A coordenadora, todavia, considera pouco ousadas as metas de reciclagem e compostagem do Planares. “O mais preocupante é a meta de queima de 15% dos resíduos visando gerar energia”, comenta.
“O tratamento dos resíduos sólidos e sua disposição final ambientalmente adequada são contrários a soluções que destroem matérias-primas, como incineração, pirólise, gaseificação ou utilização de CDRU (combustível derivado de resíduos urbanos, utilizado em fornos de cimento e usinas de energia), tendo em vista os impactos ambientais, econômicos, sociais e culturais desses sistemas”, pondera.
Economia circular pode ajudar a combater aprodução de lixo, reduzindo a quantidade de rejeitos produzidos
COBRANÇA
Outra questão que se coloca está relacionada aos mecanismos de cobrança para que a gestão do lixo seja implementada de forma social e ambientalmente sustentável.

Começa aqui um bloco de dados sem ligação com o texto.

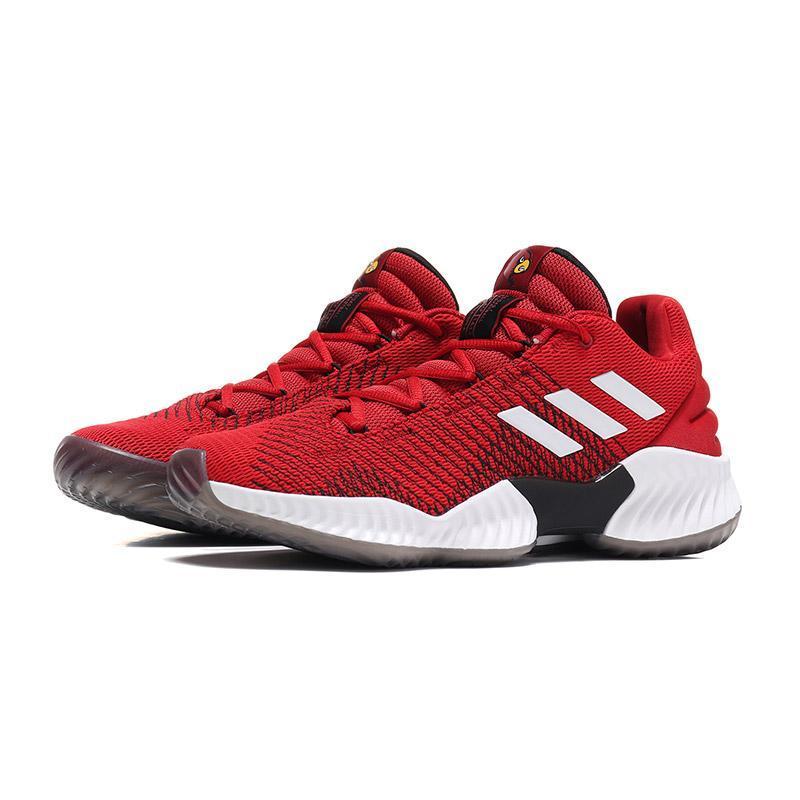 adidas阿迪达斯男子篮球鞋PRO BOUNCE实战训练运动鞋B41868. B41868红色/白色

O modelo mais comum é uma taxa paga pelos munícipes. Apesar de ter sido contemplada na Lei do Saneamento, há muitos desafios para a cobrança, como inadimplência e questões políticas, tendo em vista que a medida é considerada impopular por prefeitos e vereadores.
Mas é pouco provável que os governos municipais tenham condições de arcar sozinhos com o custo, como lembra o professor Schalch. “Esse é um desafio a ser superado. A cobrança já acontece em algumas cidades que contam com programas de reciclagem”, ressalta. “Em geral, a taxa vem junto com a conta de água e esgoto, o que reduz a inadimplência. Há casos em que as prefeituras também firmam Parcerias Público Privadas e têm obtido sucesso com isso.”
Também é fato que o novo marco legal deu segurança jurídica ao manejo dos RSU. “E ela vem com a cobrança de tarifas da população pelos serviços de coleta, transporte, tratamento e disposição final”, destaca Pereira, da Abetre.
Segundo ele, existem experiências exitosas na área feitas há mais de 15 anos. “Em Santa Catarina, a iniciativa privada tem concessões há anos, que continuam de pé e com excelentes resultados”, afirma. “A inadimplência começou acima dos 60% e, hoje, está abaixo de 5%. Isso ocorre porque se presta um bom serviço e a população reconhece.”
Uma alternativa de redução de custos, principalmente para as cidades menores, são os consórcios intermunicipais. “A gestão intermunicipal dos resíduos contribui bastante para implementação de melhorias”, frisa Aurélie, destacando que os consórcios trazem economia de escala para os municípios, com diminuição dos custos para as cidades e incremento do serviço público para a população.
“Em vez de a cidade construir um centro de tratamento para cada tipo de resíduo, diversos municípios se juntariam para criar um núcleo maior, que atenda à demanda da região toda. Os custos podem ser divididos entre os municípios ou proporcionalmente à população”, completa.
Outra ação eficaz, diz ela, é o uso de inteligência artificial para tornar a coleta de lixo mais eficiente e menos onerosa. Nesse caso, lixeiras conectadas coletam informações sobre o comportamento doméstico em cada rua ou bairro. “Graças aos sensores, as tecnologias fornecem informações valiosas sobre áreas onde as lixeiras lotam mais rapidamente. Assim, os caminhões coletores só se movimentam quando os contêineres estão cheios”, acentua.
Até porque, no Brasil, não há problema com o uso da tecnologia, que está disponível. O nó sempre esteve na gestão. “Esperemos que, com o novo marco regulatório, esse obstáculo seja superado”, conclui Schalch.